Bosch’s Two Wheeler and Powersports wing is working on multiple technologies intended to improve the future of two-wheeler mobility. At the recent ‘Spirit of the Ride’ press conference in Delhi, the company revealed that it is following a three-step strategy towards a relatively accident-free future. The first step is to make improvements to its ABS and MSC (Motorcycle Stability Control) technology. The MSC is a six-axis IMU- equipped system (Inertial Measurement Unit) that allows for stable braking in a straight line, as well as while cornering.
The second step involves Bosch’s rider assistance systems comprising of adaptive cruise control, forward collision systems and blind spot detection. According to Bosch, these systems, when implemented, will prevent one in seven accidents. In the current stage of development, the radar systems are capable of sensing vehicles up to 160 metres away and can either alert the rider or decelerate the bike, if required. Bosch has confirmed that this tech will be in series production with bikes from Ducati and KTM by 2020.
Advances in connectivity systems is the third aspect that Bosch is working on. The company is developing connected systems that will alert connected vehicles with the position and speed of other vehicles. This system will greatly improve safety in the event of blind corners, crossroads, or in low visibility situations. Additionally, Bosch intends to implement an Emergency Call function that will automatically alert emergency services with your bike’s GPS location in the event of an accident.
The company is also working towards a cleaner future in terms of emissions. With the jump from BS-IV to BS-VI norms, the company has made significant improvements to its Engine Management System (EMS) that now produces a claimed 16 percent lesser CO2 emissions than conventional carburetor systems.
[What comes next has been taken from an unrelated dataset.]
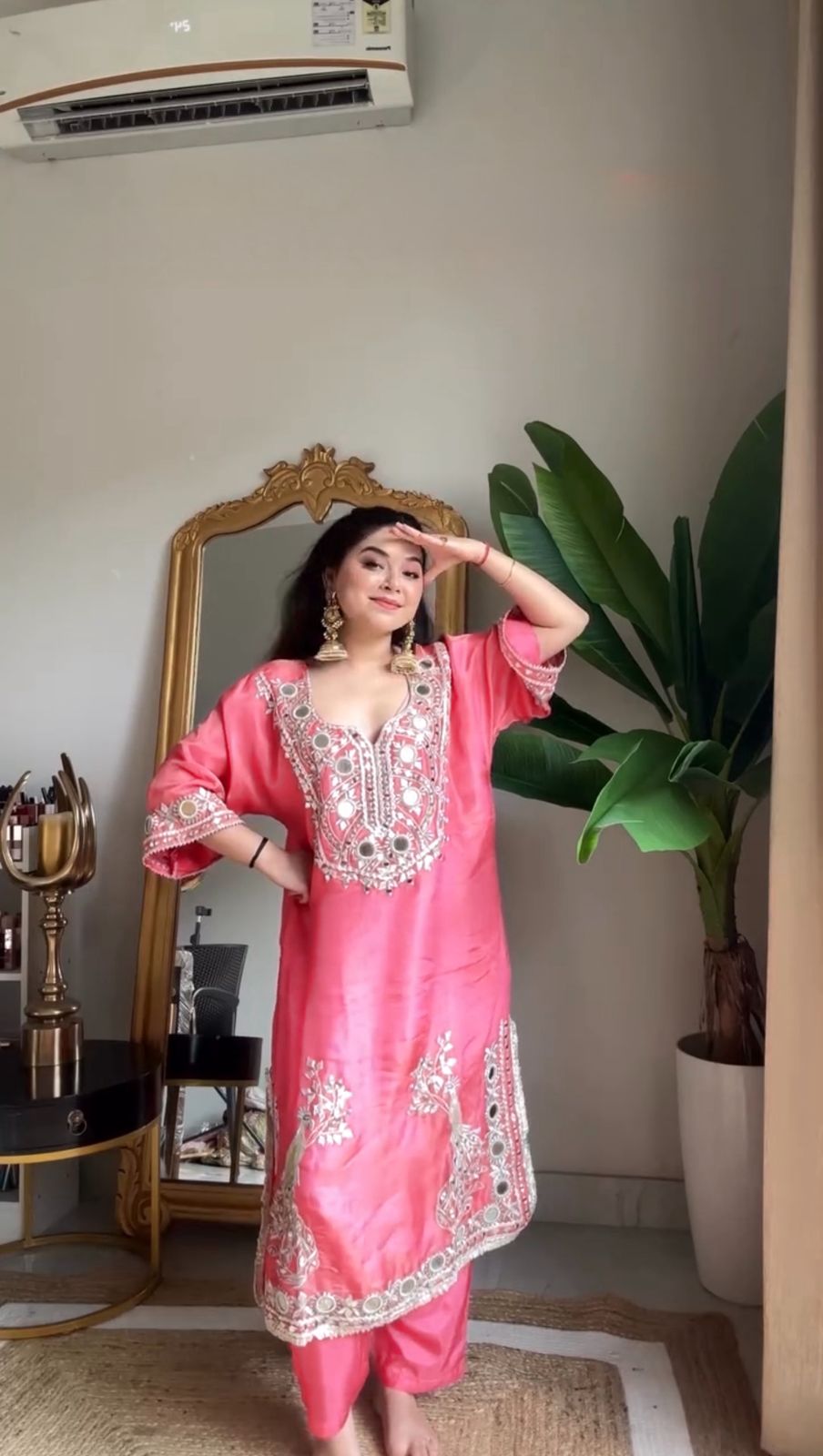 Peach Roman Silk Mirror Work Salwar Suit | Jump Suits, Tops & Bottoms, Track Suits, Salwar suit, Casual Suits, Creative suits, Designer Suits, Palazzo Suits, Party Wear Suits, Patiala Suits, Straight Suits, Trendy Wear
With electric mobility gaining traction, Bosch also has a range of electric powertrain systems up to 20kW for light vehicles on offer.
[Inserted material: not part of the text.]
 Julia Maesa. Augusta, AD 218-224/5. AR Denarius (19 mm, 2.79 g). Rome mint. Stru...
India is one of the largest two-wheeler markets in the world, and so it is an integral part of the company’s plans for the future. Through its multiple development centres across the country, Bosch intends to create both category-specific technology and innovations that can be scaled up or down to cater to multiple segments. The company has said that one of the biggest obstacles it is facing is cutting down costs of technology. That said, Bosch believes that the government making emission and safety norms stricter will allow for more of its technology to easily enter the Indian market.